**Your objective:**
Transcribe the listing below from its opening line up to and including the line that contains "Japanese Brand Japan"; reproduce nothing else.

**Data for processing:**
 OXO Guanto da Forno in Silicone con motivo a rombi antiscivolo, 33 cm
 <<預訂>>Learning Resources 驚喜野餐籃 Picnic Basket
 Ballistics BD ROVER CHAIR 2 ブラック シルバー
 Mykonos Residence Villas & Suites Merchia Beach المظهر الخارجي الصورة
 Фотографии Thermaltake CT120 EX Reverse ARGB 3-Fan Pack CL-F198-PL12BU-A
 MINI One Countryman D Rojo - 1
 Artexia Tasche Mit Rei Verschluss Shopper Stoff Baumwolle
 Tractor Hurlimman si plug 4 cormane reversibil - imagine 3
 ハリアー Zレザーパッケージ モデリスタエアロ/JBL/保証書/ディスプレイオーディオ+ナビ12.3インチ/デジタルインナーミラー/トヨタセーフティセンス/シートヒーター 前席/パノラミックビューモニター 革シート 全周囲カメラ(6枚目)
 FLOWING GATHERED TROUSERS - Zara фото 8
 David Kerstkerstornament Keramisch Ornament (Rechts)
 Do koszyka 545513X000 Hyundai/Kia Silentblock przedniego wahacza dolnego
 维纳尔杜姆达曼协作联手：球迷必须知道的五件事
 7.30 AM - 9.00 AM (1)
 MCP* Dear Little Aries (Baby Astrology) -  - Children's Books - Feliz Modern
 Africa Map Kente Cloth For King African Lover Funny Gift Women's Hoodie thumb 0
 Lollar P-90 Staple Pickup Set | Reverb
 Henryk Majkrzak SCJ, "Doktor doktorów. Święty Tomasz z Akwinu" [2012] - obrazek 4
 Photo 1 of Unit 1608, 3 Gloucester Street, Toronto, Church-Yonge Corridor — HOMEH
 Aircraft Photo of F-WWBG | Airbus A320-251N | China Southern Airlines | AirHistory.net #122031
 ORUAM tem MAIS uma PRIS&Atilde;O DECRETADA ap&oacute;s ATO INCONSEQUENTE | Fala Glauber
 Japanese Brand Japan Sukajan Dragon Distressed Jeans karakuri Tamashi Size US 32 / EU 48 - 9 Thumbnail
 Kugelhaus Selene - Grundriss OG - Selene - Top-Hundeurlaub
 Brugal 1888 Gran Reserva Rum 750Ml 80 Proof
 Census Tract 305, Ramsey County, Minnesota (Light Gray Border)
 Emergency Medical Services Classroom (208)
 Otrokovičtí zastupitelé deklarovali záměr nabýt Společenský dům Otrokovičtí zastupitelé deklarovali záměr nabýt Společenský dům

**Exercise result:**
 OXO Guanto da Forno in Silicone con motivo a rombi antiscivolo, 33 cm
 <<預訂>>Learning Resources 驚喜野餐籃 Picnic Basket
 Ballistics BD ROVER CHAIR 2 ブラック シルバー
 Mykonos Residence Villas & Suites Merchia Beach المظهر الخارجي الصورة
 Фотографии Thermaltake CT120 EX Reverse ARGB 3-Fan Pack CL-F198-PL12BU-A
 MINI One Countryman D Rojo - 1
 Artexia Tasche Mit Rei Verschluss Shopper Stoff Baumwolle
 Tractor Hurlimman si plug 4 cormane reversibil - imagine 3
 ハリアー Zレザーパッケージ モデリスタエアロ/JBL/保証書/ディスプレイオーディオ+ナビ12.3インチ/デジタルインナーミラー/トヨタセーフティセンス/シートヒーター 前席/パノラミックビューモニター 革シート 全周囲カメラ(6枚目)
 FLOWING GATHERED TROUSERS - Zara фото 8
 David Kerstkerstornament Keramisch Ornament (Rechts)
 Do koszyka 545513X000 Hyundai/Kia Silentblock przedniego wahacza dolnego
 维纳尔杜姆达曼协作联手：球迷必须知道的五件事
 7.30 AM - 9.00 AM (1)
 MCP* Dear Little Aries (Baby Astrology) -  - Children's Books - Feliz Modern
 Africa Map Kente Cloth For King African Lover Funny Gift Women's Hoodie thumb 0
 Lollar P-90 Staple Pickup Set | Reverb
 Henryk Majkrzak SCJ, "Doktor doktorów. Święty Tomasz z Akwinu" [2012] - obrazek 4
 Photo 1 of Unit 1608, 3 Gloucester Street, Toronto, Church-Yonge Corridor — HOMEH
 Aircraft Photo of F-WWBG | Airbus A320-251N | China Southern Airlines | AirHistory.net #122031
 ORUAM tem MAIS uma PRIS&Atilde;O DECRETADA ap&oacute;s ATO INCONSEQUENTE | Fala Glauber
 Japanese Brand Japan Sukajan Dragon Distressed Jeans karakuri Tamashi Size US 32 / EU 48 - 9 Thumbnail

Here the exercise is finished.